6The respondent in a notice of motion disagreed with the applicant’s position that the Tribunal had authority to hear the issue of MIG without the accompaniment of a denied specified benefit. However, at the hearing the respondent took no issue with the request and agreed with the applicant’s position that the Tribunal has the authority and jurisdiction to make a decision about the MIG in this application.
7Both parties pointed to the Tribunal’s authority to rule on a catastrophic (“CAT”) determination without a denied specified benefit, therefore there should be no hinderance to making the same type of ruling pertaining to the MIG.
8The Tribunal disagreed with the parties’ understanding of its jurisdiction and authority to make a determination where the applicability of the MIG is in dispute in the absence of a denied medical benefit such as an assessment or a treatment plan. The Tribunal also disagreed with the parties’ submissions that CAT and MIG can be equally treated as stand alone issues.
9I find that the Tribunal’s jurisdiction to make a CAT determination on a stand alone basis distinguishable from MIG as a stand alone issue for the following reasons.
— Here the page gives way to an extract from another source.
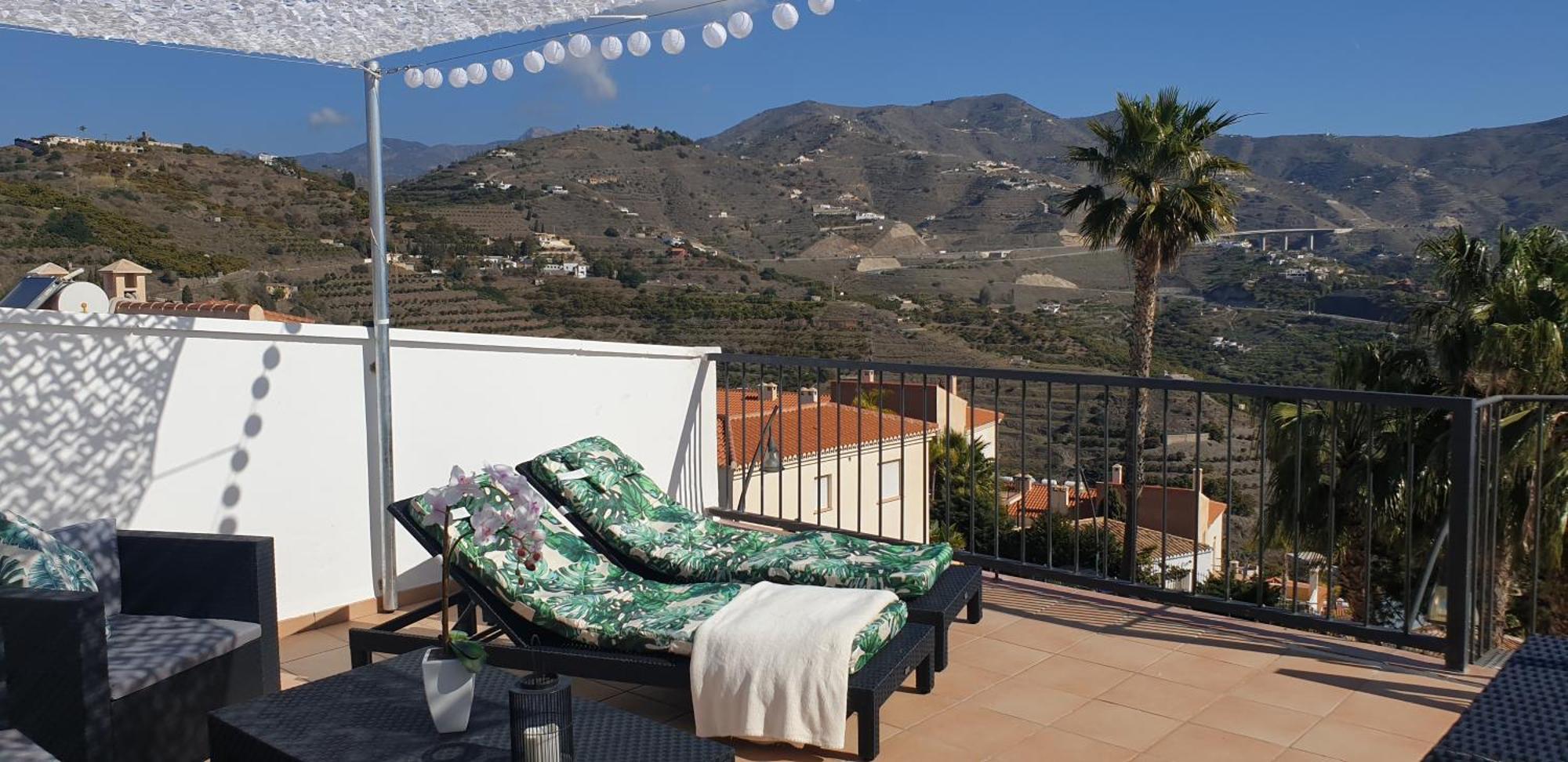 Casa De La Suerte Villa Almuñécar Exteriör bild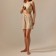 Women's home -made SL Home p. M, beige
10The Tribunal’s authority is guided by the powers conferred on it by statute. Section 5.1(4) of the Licence Appeal Tribunal Act states:
“Jurisdiction
The Tribunal has jurisdiction to determine all questions of fact or law that arise in matters before it.”
However,
11Section 280 (1) and (2) of the Insurance Act states:
“Resolution of disputes”
280 (1) This section applies with respect to the resolution of disputes in respect of an insured person’s entitlement to statutory accident benefits or in respect of the amount of statutory accident benefits to which an insured person is entitled.
Application to Tribunal
(2) The insured person or the insurer may apply to the Licence Appeal Tribunal to resolve a dispute described in subsection.”
Based on the wording of section 280 of the Insurance Act, the Tribunal’s jurisdiction is limited to the “resolution of disputes” in respect of statutory accident benefits or the amount of statutory benefits a person is entitled to.
12The statutory benefits and the amount of statutory benefits a person is entitled to are set out in the Schedule. An insured is entitled to apply for a CAT determination pursuant to s. 45 of the Schedule, and a denial of such a determination then gives rise to a dispute that the Tribunal has jurisdiction to decide.
13I find in the Schedule there is no provision that that entitles an insured to apply for a MIG determination. As there is no entitlement to apply for a MIG determination under the Schedule, a denial of a MIG determination is not a denial of entitlement under the Schedule that gives rise to a dispute over which the Tribunal has jurisdiction.
14The Tribunal routinely makes decisions regarding the MIG, but it does so as a threshold issue in an application where entitlement to benefits provided for in the Schedule is in dispute, not as a stand alone issue.
15A CAT determination can be made by the Tribunal as a stand alone issue as a CAT determination is in itself an entitlement under the Schedule.
16Therefore, I find that the Tribunal does not have jurisdiction to determine whether the MIG applies in this case as there is no dispute before the Tribunal over which it has jurisdiction.
ISSUES
17The issues in dispute are:
i. Is the applicant entitled to a non-earner benefit of $185.00 per week from December 27, 2019, to November 26, 2021?
ii. Is the respondent liable to pay an award under s. 10 of O. Reg. 664 because it unreasonably withheld or delayed payments to the applicant?
iii. Is the applicant entitled to interest on any overdue payment of benefits?
RESULT
18The applicant is not entitled to a non-earner benefit of $185.00 per week from December 27, 2019, to November 26, 2021.
19The respondent is not liable to pay an award under s. 10 of O. Reg. 664 because it unreasonably withheld or delayed payments to the applicant.
20The applicant is not entitled to interest on any overdue payment of benefits.
MOTION TO EXCLUDE AN EXPERT REPORT
21The respondent filed a motion on November 29, 2023, the second day of the hearing objecting the admittance into evidence the report of Ms. Isakow-Weiss and submitting her report should be excluded from the within proceedings and that she should be prevented from being called as a witness by the Applicant.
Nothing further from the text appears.